EXERCISE INPUT
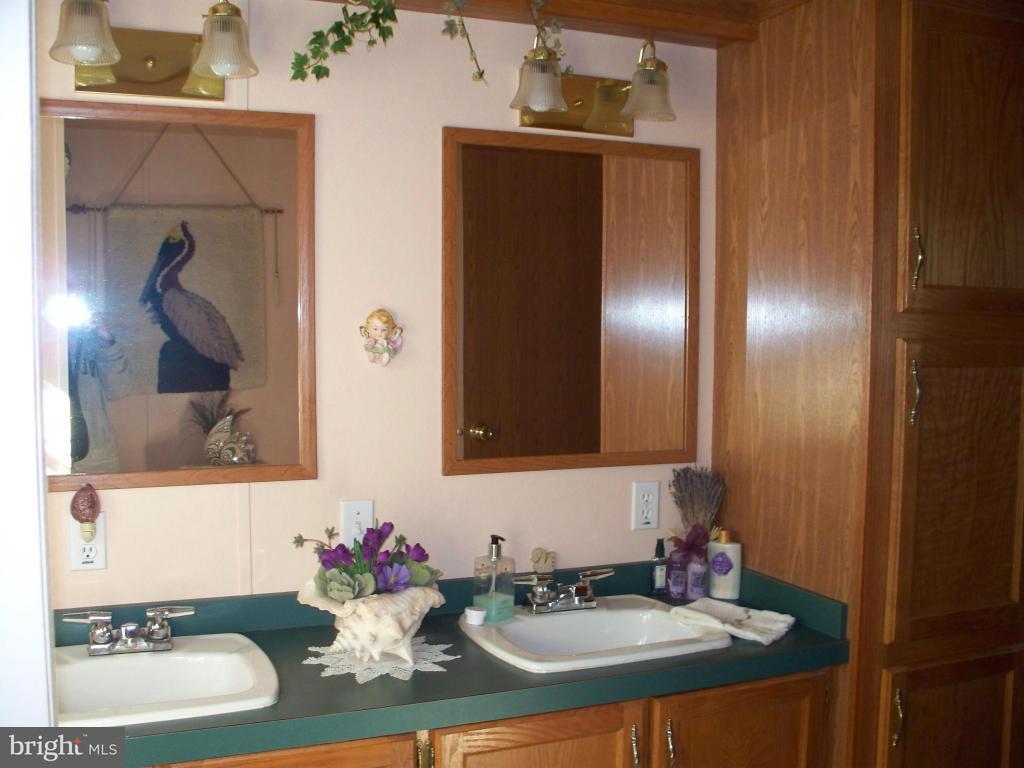 129 Meadow Valley Road, Unit 21 Ephrata, PA 17522 - Photo 12 of 23 Gallery Image 12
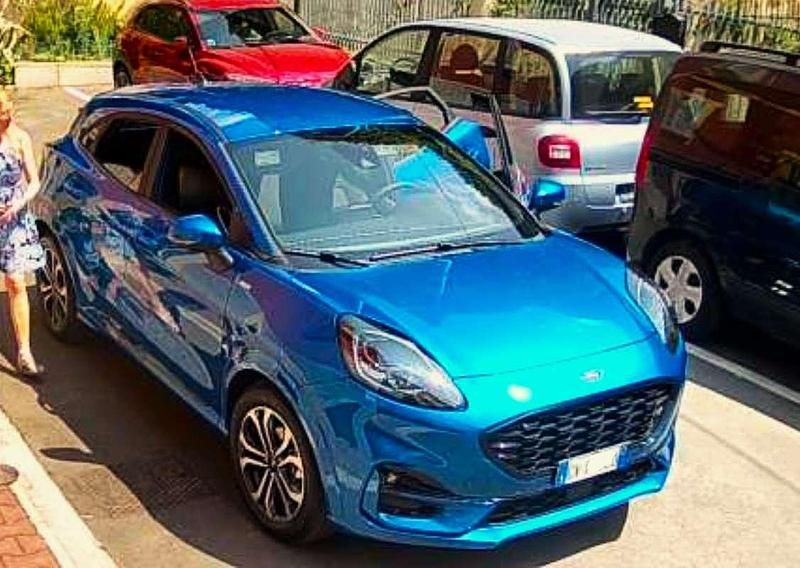 Usata Ford Puma ST-Line 125 CV (91 kW) 2024 Blu/azzurro SUV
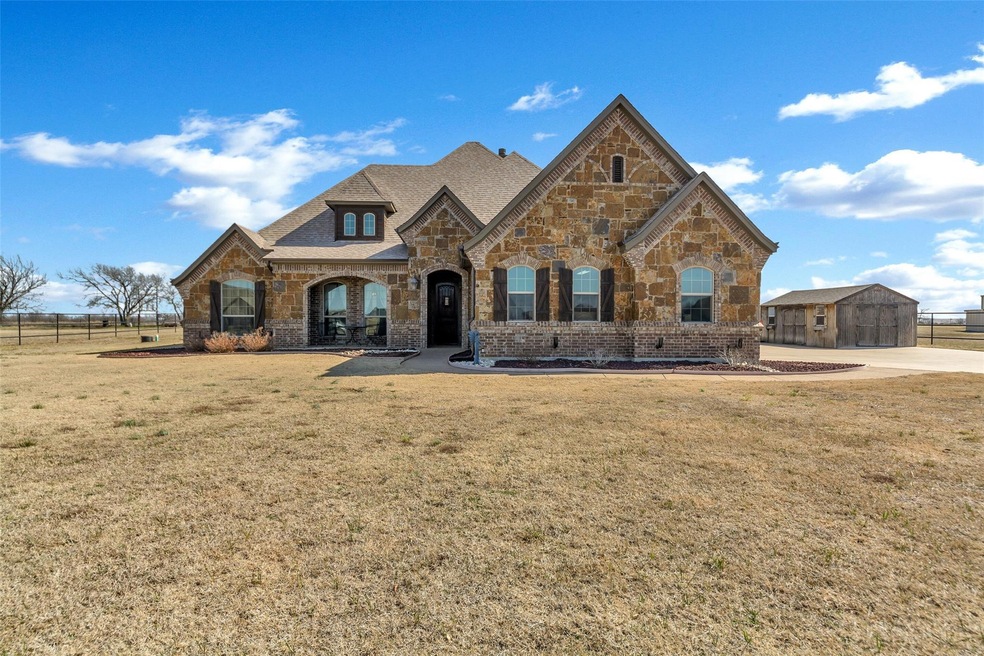 189 Cactus Dr, Decatur, TX 76234 - photo 1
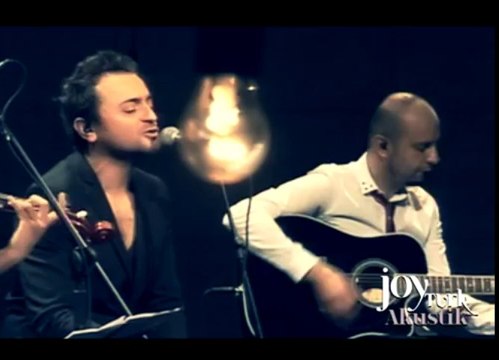 Zakkum - Biraz Uyu (JoyTurk Akustik)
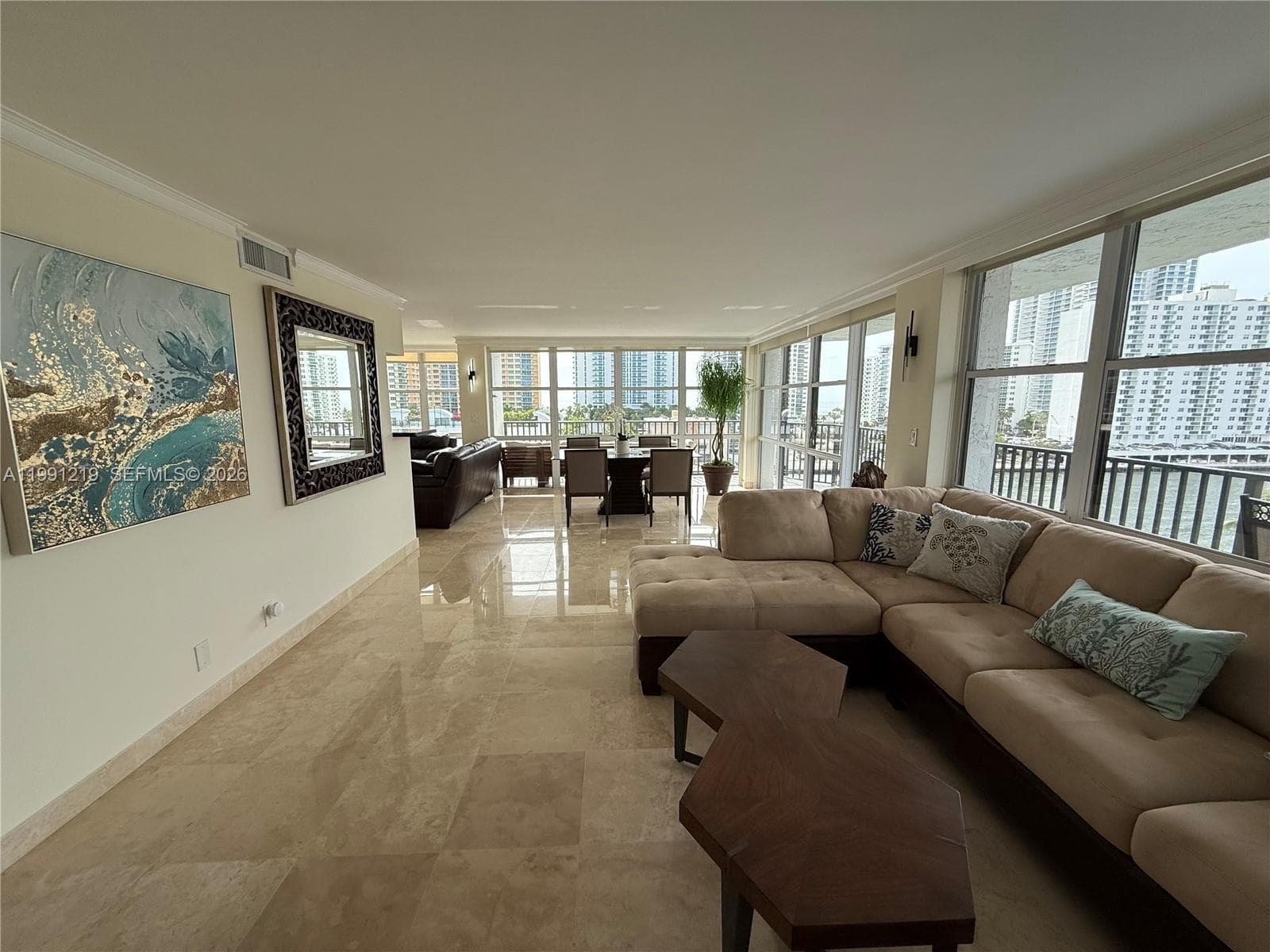 1000 Parkview Dr 720 photo 9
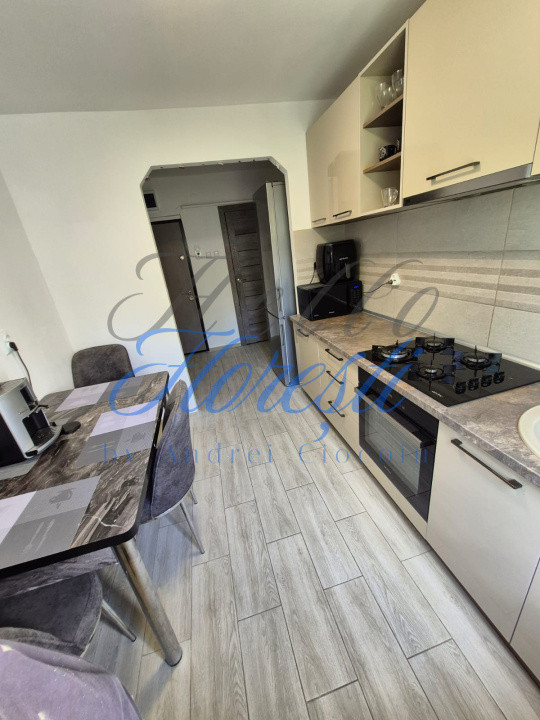 Apartament cu 3  camere , 61 mp, zona Manastur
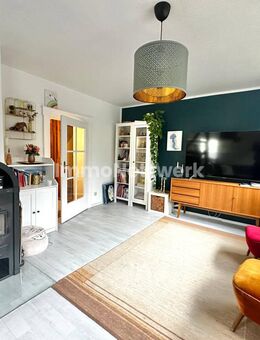 Attraktive Doppelhaushälfte auf großzügigem Grundstück in ruhiger stadtnaher Lage - Göttingen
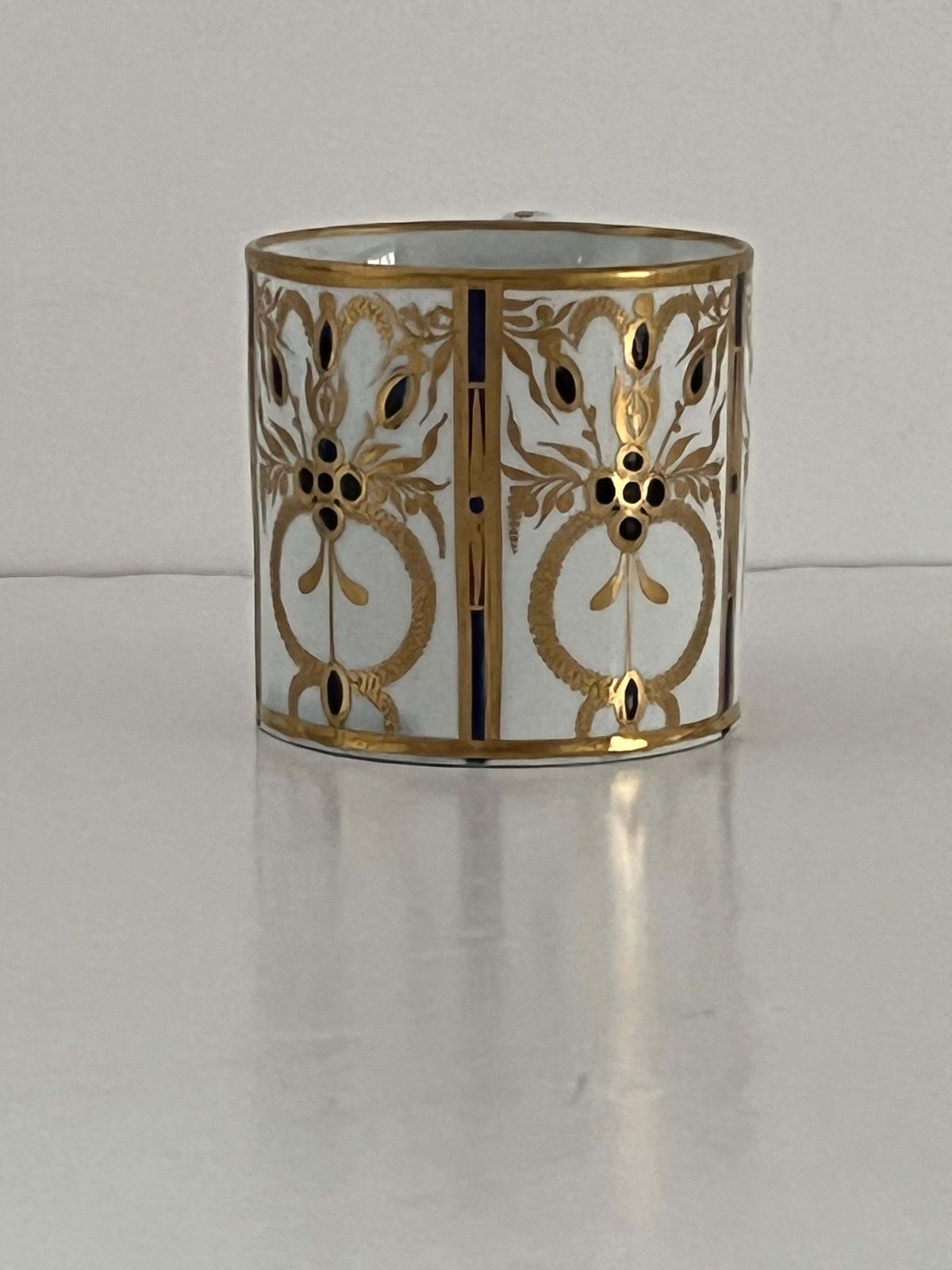 Vroeg Minton porseleinen koffiekopje, handgeschilderd patroon 53, Engeland, ca. 1805 photo Woonaccessoires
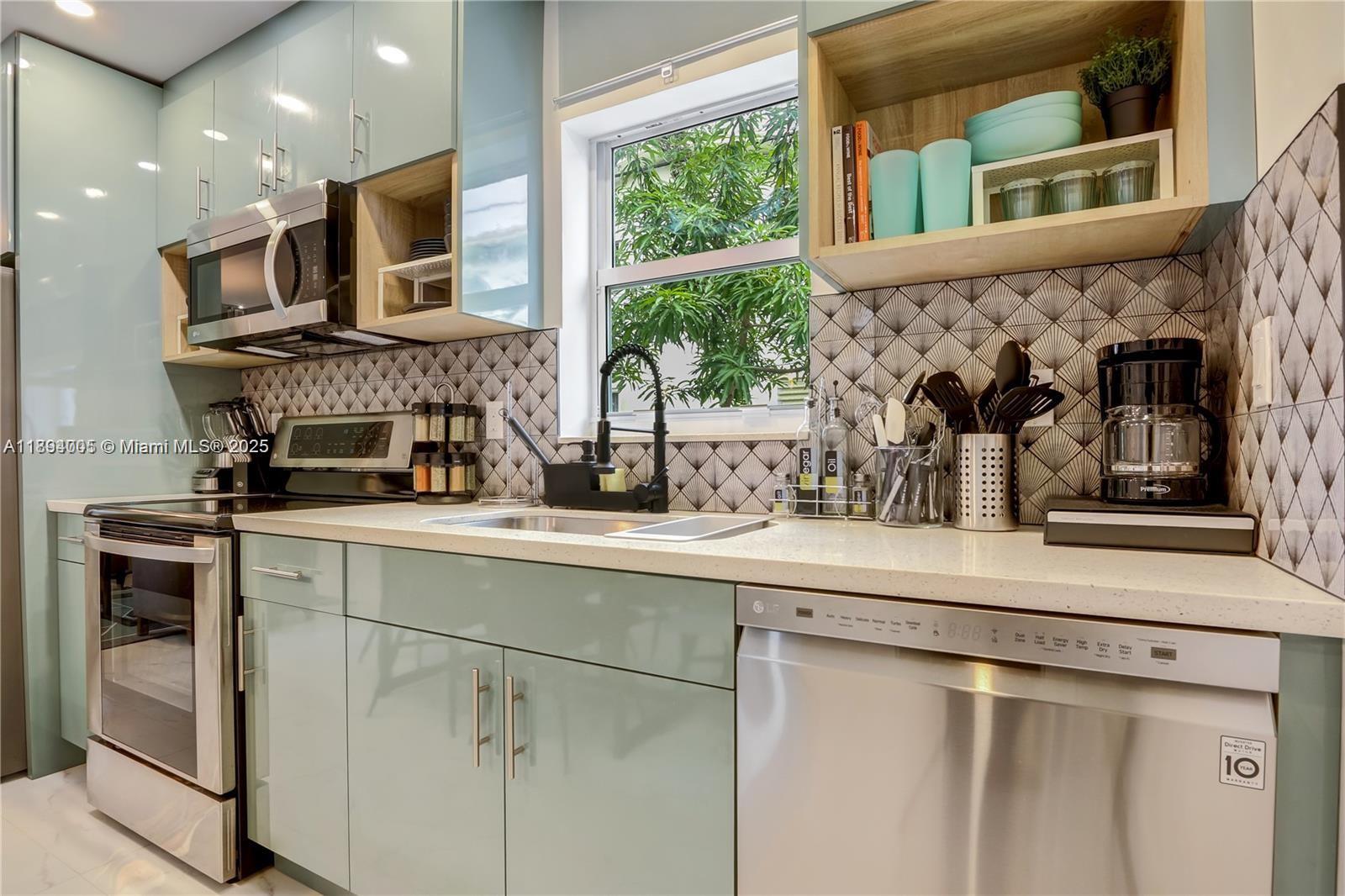 HOLLYWOOD LITTLE RANCHES - Residential Lease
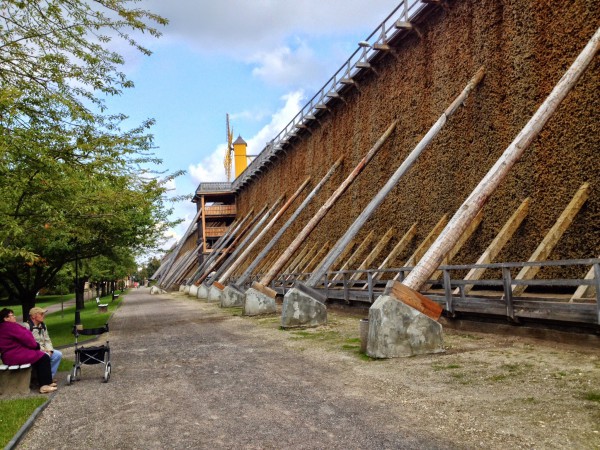 Spazierweg unmittelbar neben der Gradieranlage.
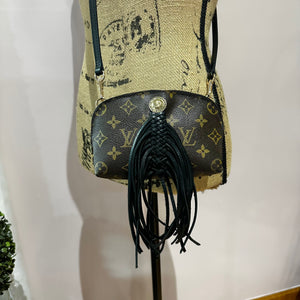 The Junco Crossbody - Vintage Monogram in Black Fringe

REQUIRED WORK
Each record above is to be returned unchanged, while any picture it holds stays out.

RESULT FOR THIS EXERCISE
 129 Meadow Valley Road, Unit 21 Ephrata, PA 17522 - Photo 12 of 23 Gallery Image 12
 Usata Ford Puma ST-Line 125 CV (91 kW) 2024 Blu/azzurro SUV
 189 Cactus Dr, Decatur, TX 76234 - photo 1
 Zakkum - Biraz Uyu (JoyTurk Akustik)
 1000 Parkview Dr 720 photo 9
 Apartament cu 3  camere , 61 mp, zona Manastur
 Attraktive Doppelhaushälfte auf großzügigem Grundstück in ruhiger stadtnaher Lage - Göttingen
 Vroeg Minton porseleinen koffiekopje, handgeschilderd patroon 53, Engeland, ca. 1805 photo Woonaccessoires
 HOLLYWOOD LITTLE RANCHES - Residential Lease
 Spazierweg unmittelbar neben der Gradieranlage.
 The Junco Crossbody - Vintage Monogram in Black Fringe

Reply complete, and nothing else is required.